The credit ratings agency said: “L&Q plans to materially increase its investments in existing stock and sell assets to reduce its elevated debt burden.

 

“These measures are to address fire and safety risks, energy efficiency, as well as investments to ensure the group’s stock complies with the UK government’s Decent Homes Standards. In our view, the group’s strategy increases its reliance on fixed asset sales and external market conditions to execute its plans.”

 

S&P added that its stable outlook reflects its view that L&Q “will balance its step-up of investments in existing stock with plans to deleverage, such that debt metrics will remain relatively steady”.

 

Commenting on the report publication, Waqar Ahmed, group finance director at L&Q, said that while the G15 landlord seeks to maintain an A credit rating where it is within its control, its primary aim is “to maintain financial viability whilst ensuring residents receive the quality homes and services they deserve”.

 

“We have a clear plan to achieve this aim which we have already made significant progress against,” he said.

 

Mr Ahmed said that there is a “significant need for new social housing” to meet the scale of the housing crisis.
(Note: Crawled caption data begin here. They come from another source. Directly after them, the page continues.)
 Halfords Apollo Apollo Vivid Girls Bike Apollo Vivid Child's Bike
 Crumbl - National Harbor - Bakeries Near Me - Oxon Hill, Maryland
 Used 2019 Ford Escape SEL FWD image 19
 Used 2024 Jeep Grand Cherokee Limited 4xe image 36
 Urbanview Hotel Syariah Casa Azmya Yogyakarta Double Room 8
He added that L&Q has had to make “strategic choices” in the absence of a long-term government plan for housing that delivers the funding the sector needs.
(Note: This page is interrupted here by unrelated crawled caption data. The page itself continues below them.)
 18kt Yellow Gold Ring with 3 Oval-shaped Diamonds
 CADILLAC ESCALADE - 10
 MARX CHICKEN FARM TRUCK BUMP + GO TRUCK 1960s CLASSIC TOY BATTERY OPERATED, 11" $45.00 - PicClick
Mr Ahmed said that L&Q has adapted its business to respond to the “significant economic and regulatory challenges” the sector has faced over the past few years, while delivering “robust financial results”.

 

At the same time, L&Q has “clearly communicated” how it is delivering against its stated objectives to divert a greater level of expenditure towards its residents’ existing homes, to address its strategic priorities of health and safety, quality of homes and improving services, he said.

 

“Our c.£3bn 15-year major works programme is improving the safety, comfort and environmental performance of our residents’ homes. The programme will ensure all our homes meet the Decent Homes Standard and achieve a minimum Energy Performance Certificate C status,” Mr Ahmed said.

 

“In 2024, we entered into contracts for new housing and finance management systems which will create operational efficiencies, improve how we manage our data and information, and how we communicate with residents, and in particular vulnerable residents who may need different types of support.”

 

L&Q remains committed to lowering its risk profile, Mr Ahmed added. 

 

“The projected cost to complete our development pipeline continues to reduce and stood at £2.5bn in 2024 (2023: £3.1bn). This risk reduction is also reflected in sales as a percentage of turnover which fell to 35 per cent in 2024 (2023: 48 per cent),” he said.

 

In its unaudited results for 2023-24, L&Q reported a 27 per cent drop in annual completions as it continues to focus on spending on its existing stock, with £328m invested in its homes during the year.

 

“Like all housing providers, L&Q is exploring opportunities to generate additional financial capacity to invest in affordable housing including our stock rationalisation programme that seeks to divest of some homes outside our core strategic areas of Greater London and Manchester,” Mr Ahmed said.